## Assignment
Copy out the whole listing exactly as written, leaving the pictures behind.

## Dataset content
************
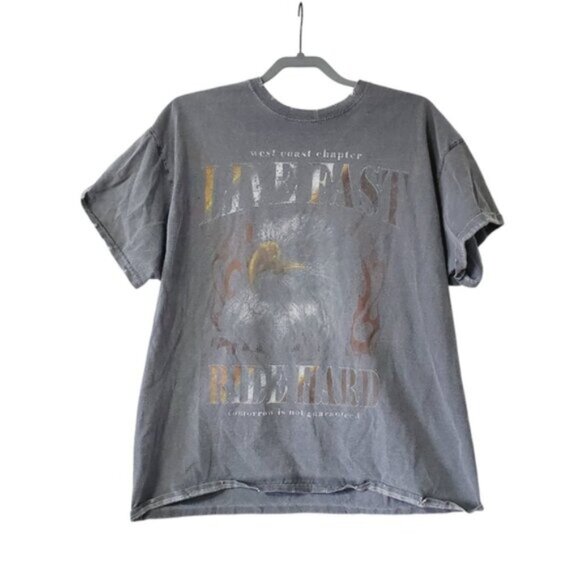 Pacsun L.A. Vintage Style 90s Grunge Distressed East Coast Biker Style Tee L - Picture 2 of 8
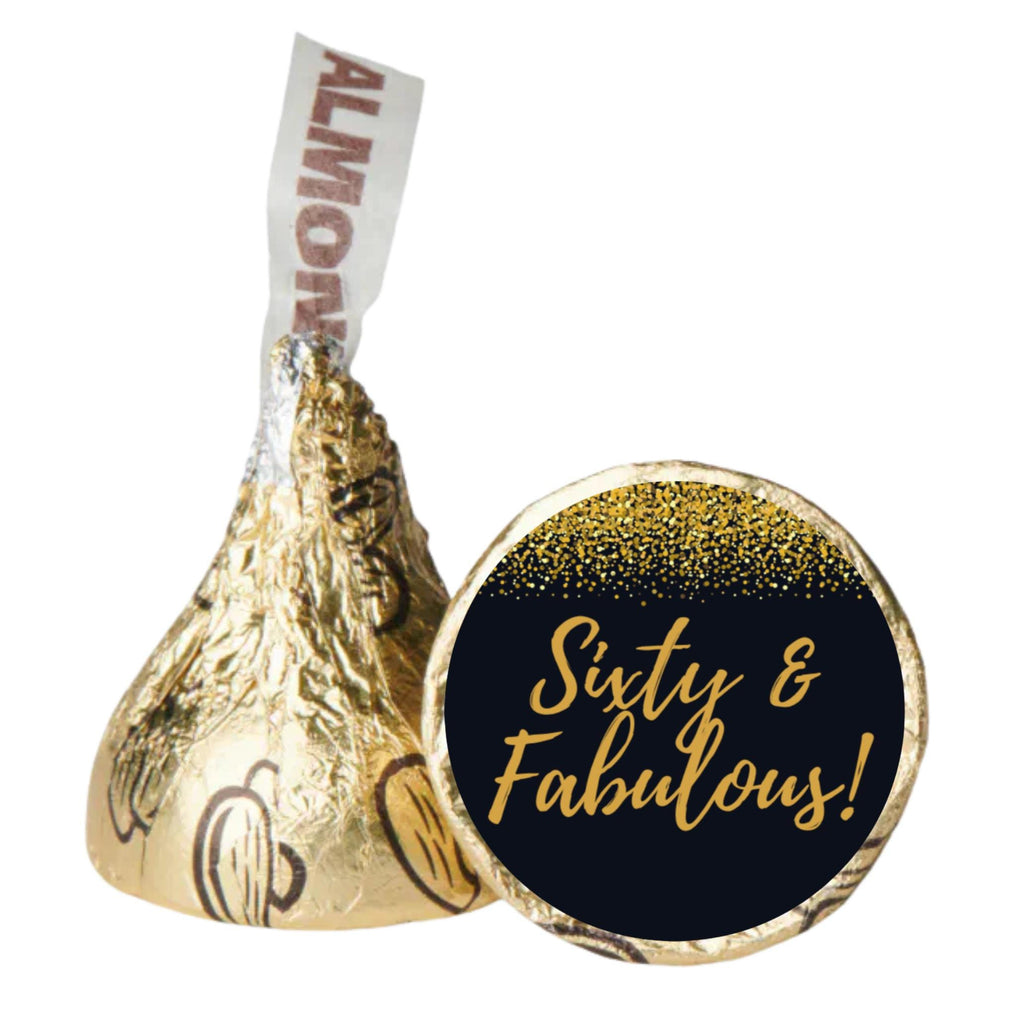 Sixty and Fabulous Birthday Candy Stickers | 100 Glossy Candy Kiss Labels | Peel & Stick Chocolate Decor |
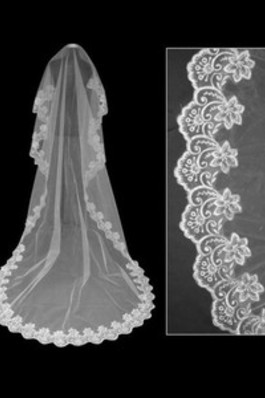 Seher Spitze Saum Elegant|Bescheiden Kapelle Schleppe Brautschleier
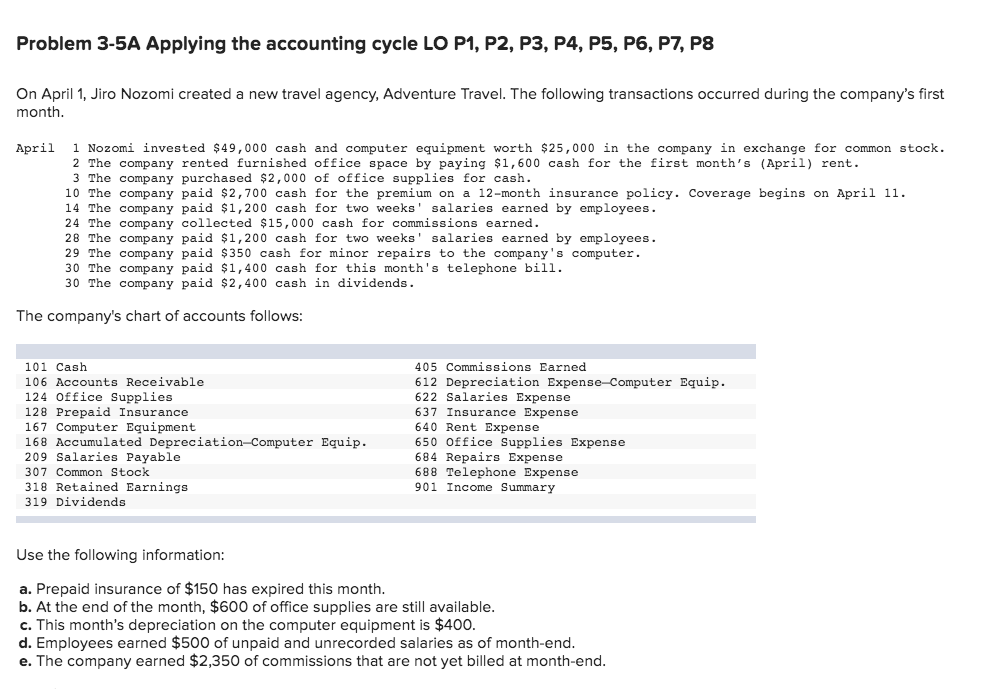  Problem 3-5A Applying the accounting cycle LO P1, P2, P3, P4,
************
## Reply
 Pacsun L.A. Vintage Style 90s Grunge Distressed East Coast Biker Style Tee L - Picture 2 of 8
 Sixty and Fabulous Birthday Candy Stickers | 100 Glossy Candy Kiss Labels | Peel & Stick Chocolate Decor |
 Seher Spitze Saum Elegant|Bescheiden Kapelle Schleppe Brautschleier
  Problem 3-5A Applying the accounting cycle LO P1, P2, P3, P4,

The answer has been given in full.